Inviter l’Ukraine à rejoindre l’Otan

“Il s’agit là d’envoyer un message clair à Vladimir Poutine et aussi au peuple ukrainien : il est temps d’engager le processus d’adhésion de l’Ukraine à l’Otan. Nous recommandons à l’Otan de proposer une invitation formelle à l’Ukraine pour commencer les discussions d’adhésion, et ce dès le sommet de l’Otan de juillet à Washington. Cela ne signifie pas que l’Ukraine rejoindra l’Alliance du jour au lendemain.

Mais il est de la plus haute importance de formaliser cette invitation : beaucoup disent que l’on ne peut pas inviter un pays en guerre à rejoindre l’Otan. Or c’est un argument extrêmement dangereux, car de facto il donne à Poutine une raison de continuer la guerre et de bloquer ainsi toute entrée de l’Ukraine dans l’Otan. En formalisant cette invitation, nous cassons cet argument, nous changeons son calcul et nous enlevons cette raison de continuer la guerre. L’Otan a besoin de l’Ukraine, elle a besoin de ce rempart contre une Russie agressive. En maintenant des zones grises, nous maintenons des zones de danger et nous invitons presque Poutine à attaquer.”

Ne rien exclure

“Sur ce principe, je rejoins le président Macron : pour que votre dissuasion soit crédible, vous ne devez jamais exclure aucune option. N’excluez pas de déployer des troupes pour aider les Ukrainiens, même si votre président n’a aucune intention de le faire pour le moment. Pour que votre dissuasion soit crédible, vous devez laisser votre adversaire dans le flou sur vos intentions. C’est exactement ce que Macron a fait.”

Mobiliser les milliards russes gelés

“Nous avons environ 300 milliards de dollars d’avoirs russes gelés. Nous devrions tout utiliser pour aider l’Ukraine.
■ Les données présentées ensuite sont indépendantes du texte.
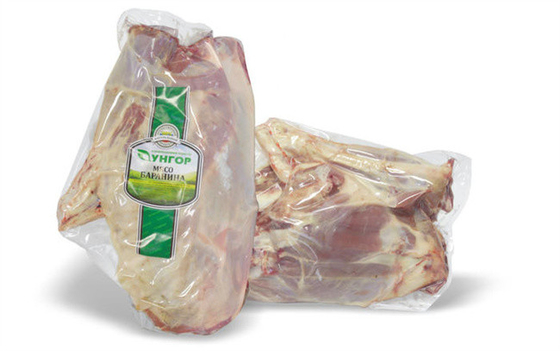 Τυποποιημένα σάκοι συσκευασίας κρέατος 30cm x 40cm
Washington soutient cette proposition ambitieuse mais les Européens s’inquiètent des conséquences non désirées et négatives d’une telle décision, notamment des représailles de la Russie et d’autres pays.

Mais ces peurs sont démesurées : si le G7 reste uni sur cette question, il serait très difficile pour la Russie, la Chine ou l’Arabie saoudite de lancer des représailles en retirant leurs avoirs de nos pays pour les déplacer ailleurs, dans d’autres monnaies. Est-ce que vous investiriez vos réserves de devises en roubles, en yuan ou autres ? Les monnaies fortes sur le marché mondial sont les monnaies du G7. Donc si le G7 se coordonne, les représailles seraient minimes.”

Que l’Europe se réveille enfin

“L’offensive russe vers Kharkiv semble avoir été stoppée et je suis donc plus optimiste aujourd’hui qu’il y a quelques semaines. Les livraisons américaines ont fait la différence, avec de nouvelles armes qui ont aidé les Ukrainiens sur le terrain. Mais il est évident que les Ukrainiens ont payé le prix fort à cause des six mois de retard dans l’aide américaine et de notre échec, à nous Européens, d’être à la hauteur de nos objectifs. Pour résumer, nous n’avons livré que la moitié de ce que nous avions promis.

Il est embarrassant que la Corée du Nord réussisse à livrer autant de munitions à la Russie en un mois que l’Europe le fait en un an. Nous devons accélérer et mettre nos économies sur le pied de guerre. Cela nécessite un profond changement d’état d’esprit et des engagements sur le long terme de nos gouvernements avec les industries de la défense, afin d’accroître leurs capacités.”